_Task description_
After finding the line containing "Front view of" below, please output that line and each following one through the line containing "Confined space entry", exactly as written.

_Data section_
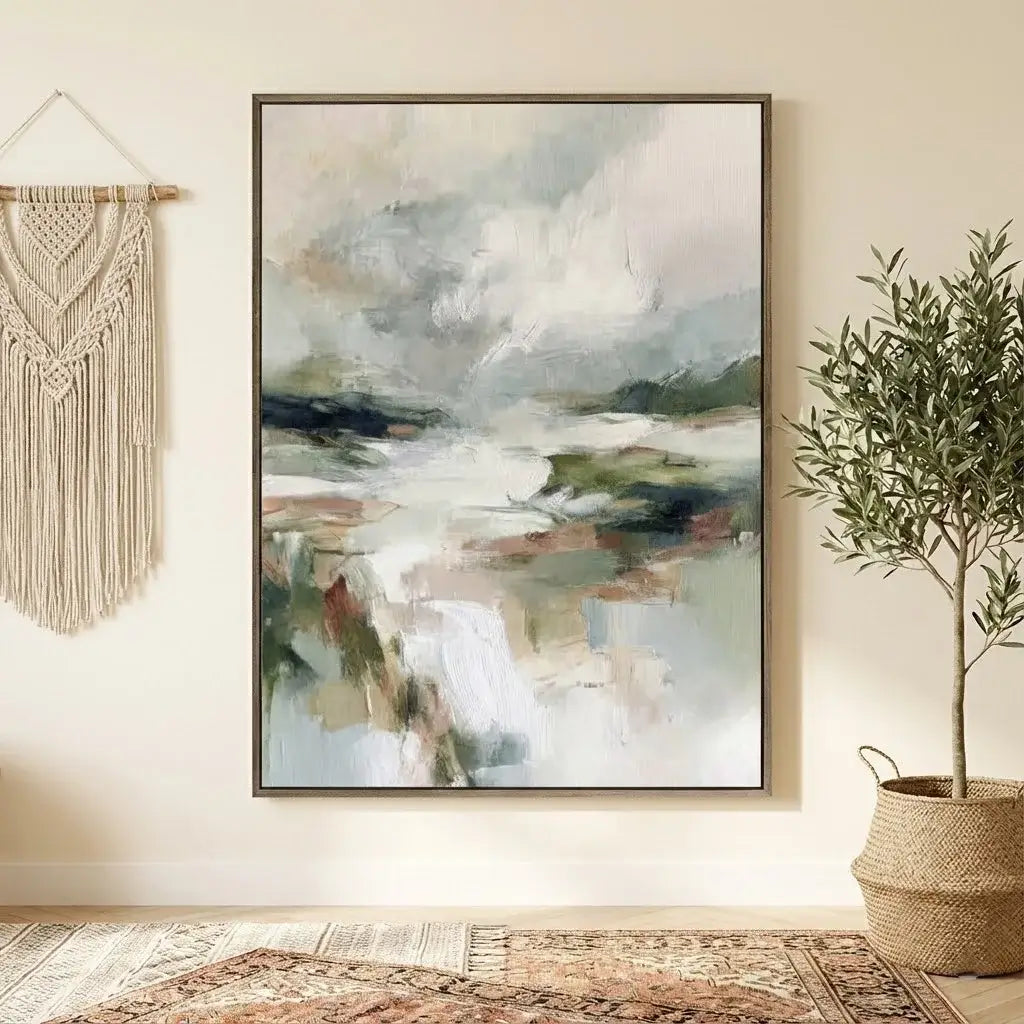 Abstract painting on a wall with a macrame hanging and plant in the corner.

---

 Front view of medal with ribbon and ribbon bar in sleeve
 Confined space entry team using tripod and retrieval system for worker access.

_Answer to the exercise_
 Front view of medal with ribbon and ribbon bar in sleeve
 Confined space entry team using tripod and retrieval system for worker access.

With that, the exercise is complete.